*Task directions*
Leaving the pictures aside, transcribe the data below exactly.

*Records provided*
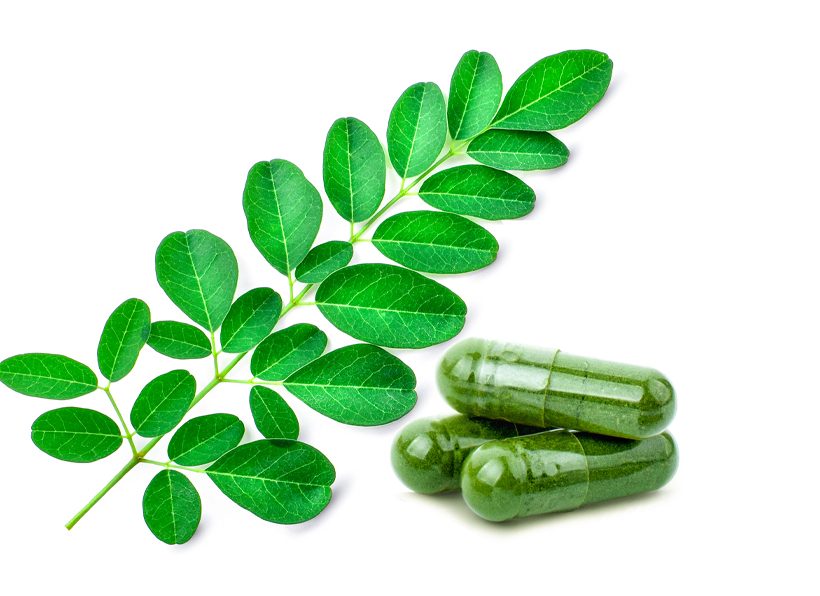 How Moringa Supports Immune Balance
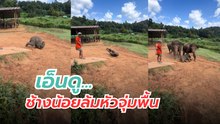 เอ็นดู... ช้างน้อยล้ม แม่ ๆ วิ่งมาช่วยอย่างไว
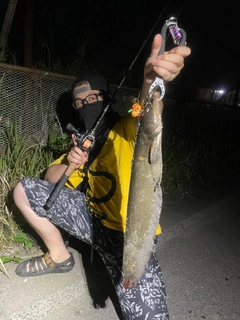 ナマズの釣果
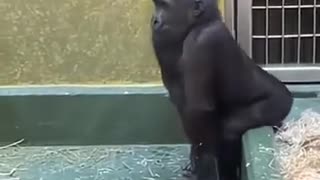 SUPER BOWL HALF TIME SHOW (CUT)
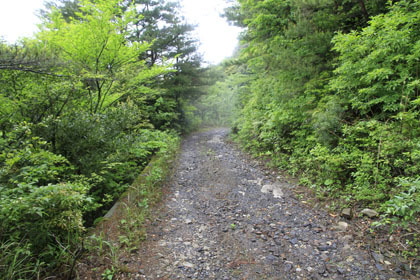 白山林道（大箆柄岳）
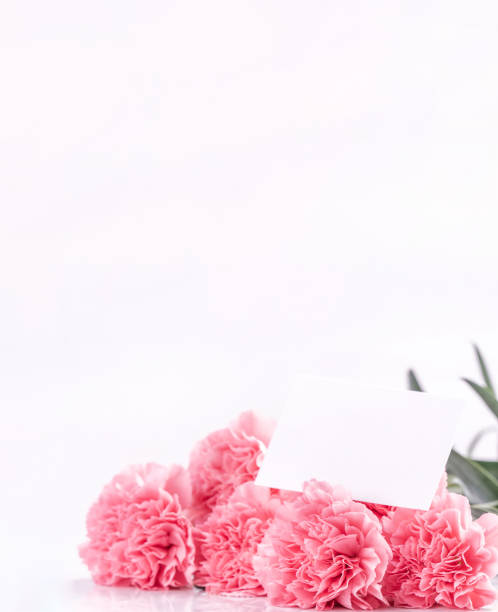 istock Top view front, copy space, close up, mock up, clipping path. Mothers day concept design. Beautiful fresh blooming baby pink color carnations isolated on bright white background. 1142817469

*Solution*
 How Moringa Supports Immune Balance
 เอ็นดู... ช้างน้อยล้ม แม่ ๆ วิ่งมาช่วยอย่างไว
 ナマズの釣果
 SUPER BOWL HALF TIME SHOW (CUT)
 白山林道（大箆柄岳）
 istock Top view front, copy space, close up, mock up, clipping path. Mothers day concept design. Beautiful fresh blooming baby pink color carnations isolated on bright white background. 1142817469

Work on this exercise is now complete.